Others acts have an international flavour with Navá, who explore the music of Ireland and Persia and Slow Moving Clouds fuses elements of the Irish and Nordic folk traditions with more contemporary sounds.
The Henry Girls are sisters Karen, Lorna and Joleen McLaughlin from the most Northerly part Donegal. The trio formed as a professional music group in 2001 and have recorded 6 studio albums, a couple of EPs and a live album of music by The Boswell Sisters of New Orleans (released February 2020).
Infused with the rich cultural heritage of their native Donegal but with a transatlantic flavour their music has been described as “full bodied and powerfully dynamic ʼ.

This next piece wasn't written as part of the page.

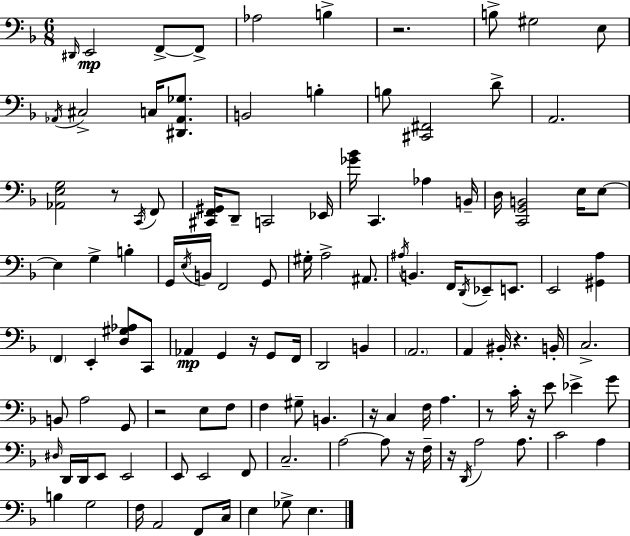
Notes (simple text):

D#2/s E2/h F2/e F2/e Ab3/h B3/q R/h. B3/e G#3/h E3/e Ab2/s C#3/h C3/s [D#2,Ab2,Gb3]/e. B2/h B3/q B3/e [C#2,F#2]/h D4/e A2/h. [Ab2,E3,G3]/h R/e C2/s F2/e [C#2,F2,G#2]/s D2/e C2/h Eb2/s [Gb4,Bb4]/s C2/q. Ab3/q B2/s D3/s [C2,G2,B2]/h E3/s E3/e E3/q G3/q B3/q G2/s E3/s B2/s F2/h G2/e G#3/s A3/h A#2/e. A#3/s B2/q. F2/s D2/s Eb2/e E2/e. E2/h [G#2,A3]/q F2/q E2/q [D3,G#3,Ab3]/e C2/e Ab2/q G2/q R/s G2/e F2/s D2/h B2/q A2/h. A2/q BIS2/s R/q. B2/s C3/h. B2/e A3/h G2/e R/h E3/e F3/e F3/q G#3/e B2/q. R/s C3/q F3/s A3/q. R/e C4/s R/s E4/e Eb4/q G4/e D#3/s D2/s D2/s E2/e E2/h E2/e E2/h F2/e C3/h. A3/h A3/e R/s F3/s R/s D2/s A3/h A3/e. C4/h A3/q B3/q G3/h F3/s A2/h F2/e C3/s E3/q Gb3/e E3/q.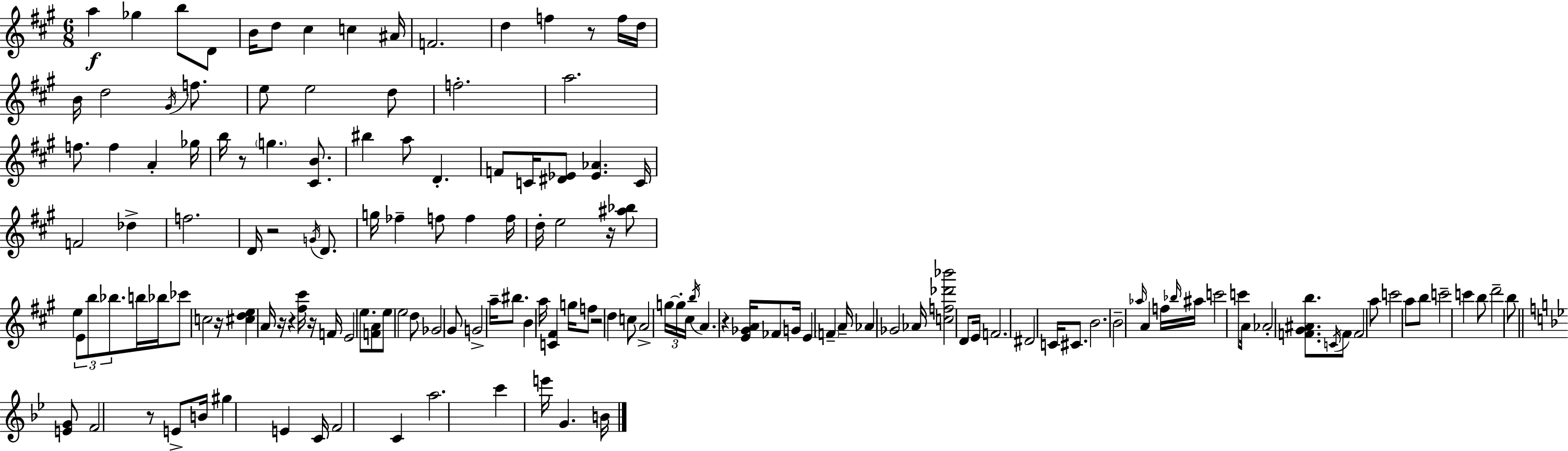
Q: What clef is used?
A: treble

They have successfully learned to interweave their traditional roots with contemporary elements, earning them both commercial success and spectacular critical acclaim on both sides of the Atlantic. The Henry Girls have played at many festivals all over Europe and beyond and they regularly tour in countries like Germany, Holland, Austria, UK, Ireland and USA.

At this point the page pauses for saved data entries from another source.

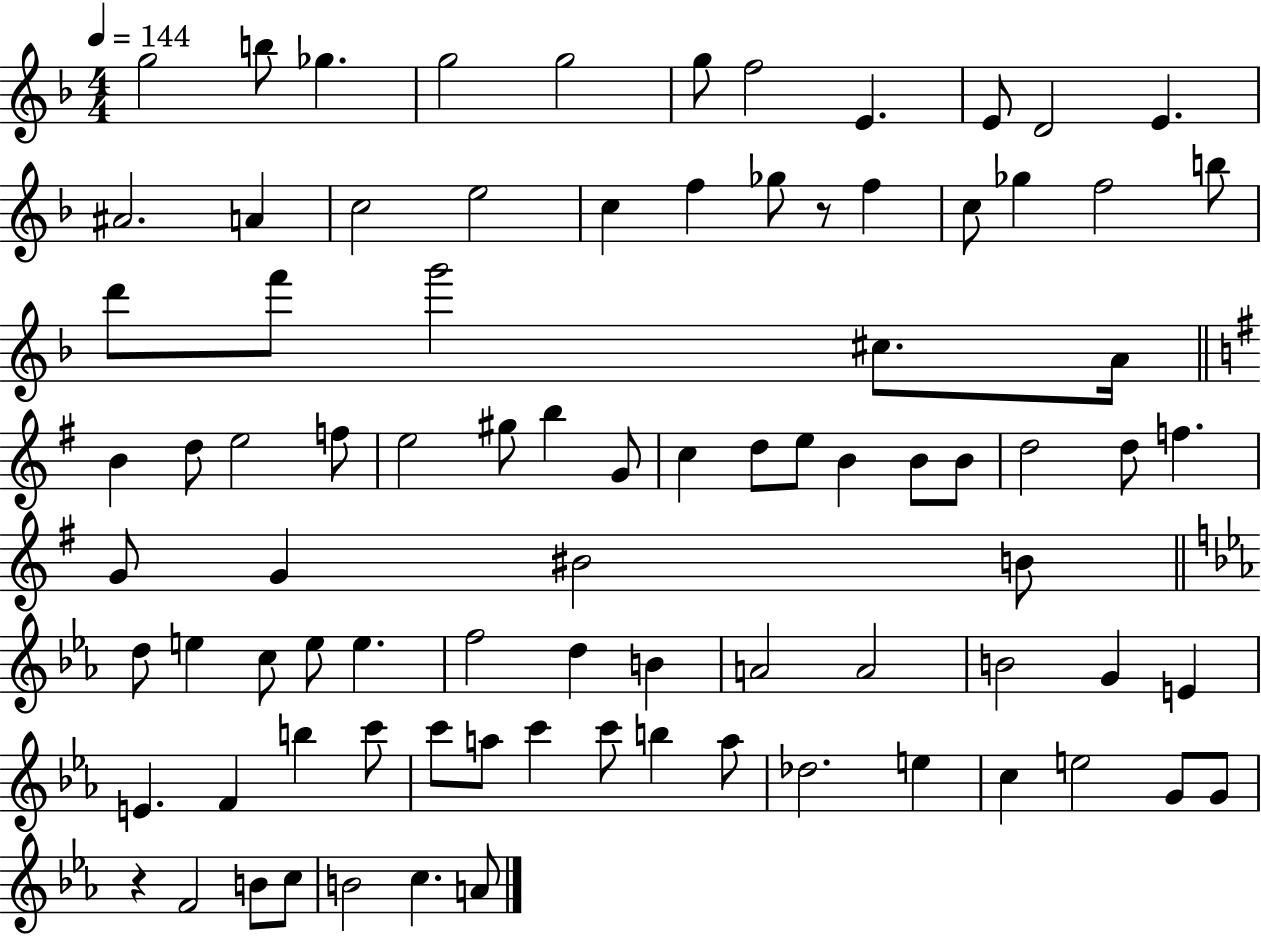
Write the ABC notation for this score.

X:1
T:Untitled
M:4/4
L:1/4
K:F
g2 b/2 _g g2 g2 g/2 f2 E E/2 D2 E ^A2 A c2 e2 c f _g/2 z/2 f c/2 _g f2 b/2 d'/2 f'/2 g'2 ^c/2 A/4 B d/2 e2 f/2 e2 ^g/2 b G/2 c d/2 e/2 B B/2 B/2 d2 d/2 f G/2 G ^B2 B/2 d/2 e c/2 e/2 e f2 d B A2 A2 B2 G E E F b c'/2 c'/2 a/2 c' c'/2 b a/2 _d2 e c e2 G/2 G/2 z F2 B/2 c/2 B2 c A/2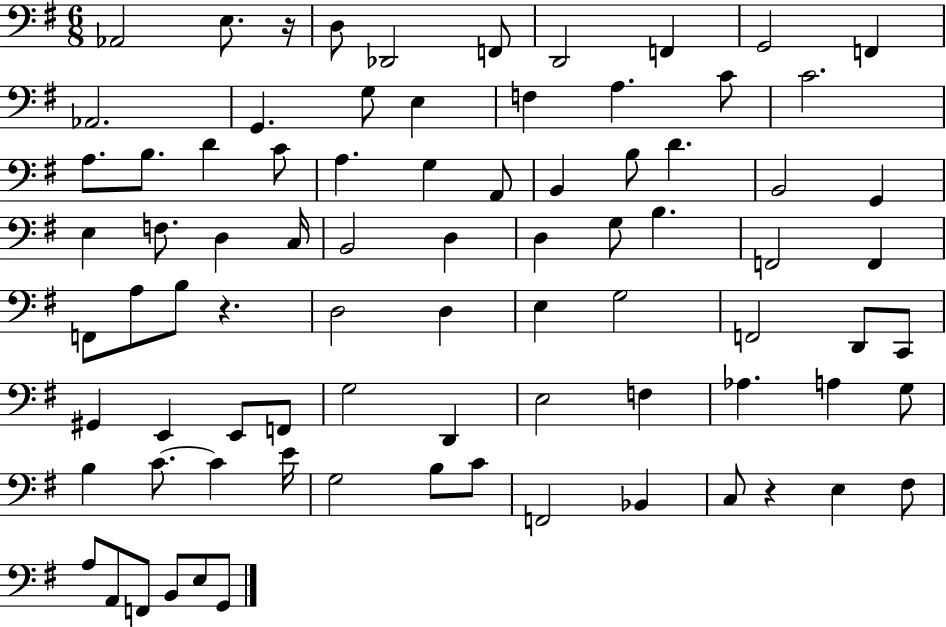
X:1
T:Untitled
M:6/8
L:1/4
K:G
_A,,2 E,/2 z/4 D,/2 _D,,2 F,,/2 D,,2 F,, G,,2 F,, _A,,2 G,, G,/2 E, F, A, C/2 C2 A,/2 B,/2 D C/2 A, G, A,,/2 B,, B,/2 D B,,2 G,, E, F,/2 D, C,/4 B,,2 D, D, G,/2 B, F,,2 F,, F,,/2 A,/2 B,/2 z D,2 D, E, G,2 F,,2 D,,/2 C,,/2 ^G,, E,, E,,/2 F,,/2 G,2 D,, E,2 F, _A, A, G,/2 B, C/2 C E/4 G,2 B,/2 C/2 F,,2 _B,, C,/2 z E, ^F,/2 A,/2 A,,/2 F,,/2 B,,/2 E,/2 G,,/2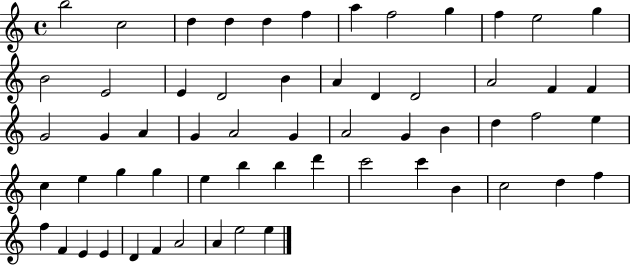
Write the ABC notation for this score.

X:1
T:Untitled
M:4/4
L:1/4
K:C
b2 c2 d d d f a f2 g f e2 g B2 E2 E D2 B A D D2 A2 F F G2 G A G A2 G A2 G B d f2 e c e g g e b b d' c'2 c' B c2 d f f F E E D F A2 A e2 e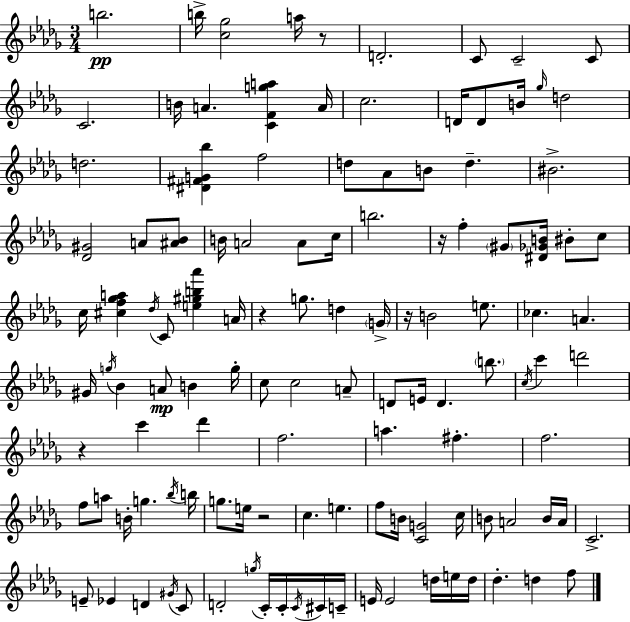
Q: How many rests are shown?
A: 6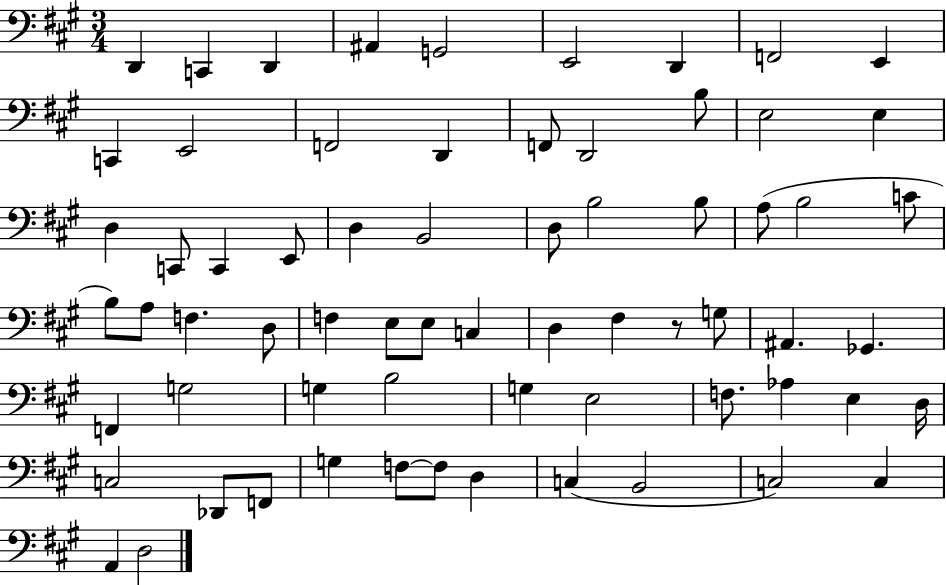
X:1
T:Untitled
M:3/4
L:1/4
K:A
D,, C,, D,, ^A,, G,,2 E,,2 D,, F,,2 E,, C,, E,,2 F,,2 D,, F,,/2 D,,2 B,/2 E,2 E, D, C,,/2 C,, E,,/2 D, B,,2 D,/2 B,2 B,/2 A,/2 B,2 C/2 B,/2 A,/2 F, D,/2 F, E,/2 E,/2 C, D, ^F, z/2 G,/2 ^A,, _G,, F,, G,2 G, B,2 G, E,2 F,/2 _A, E, D,/4 C,2 _D,,/2 F,,/2 G, F,/2 F,/2 D, C, B,,2 C,2 C, A,, D,2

Over recent months Culture Ireland has successfully presented 120 online concerts through Ireland Performs. This new initiative to present a digital festival stage with Philadelphia Folk Festival, the oldest continually running outdoor festival in North America, is a further step to ensure that Irish artists are supported to continue to reach a global audience.
Lisa Schwatrz, Festival and Programming Director said:
“I believe that music is what connects us and we could all use a positive reminder right now that we are all in this storm together. So, creating an event that can be enjoyed from anywhere in the world where there is internet, I hope will go a long way to bringing our community closer, especially at a time when we are forced to be apart. With so many musicians having to cancel long planned tours and gigs and having their ability to earn a living completely gutted, it occurred to me that perhaps there was a way that I could help artists from Ireland to increase their visibility and grow their fanbase in North America and elsewhere without having to travel. The music and culture of Ireland is so rich and so vibrant, it is meant to be shared.”
Tickets for the festival are available from folkfest.org starting at $25 for one day and may be acquired without any geographic restrictions.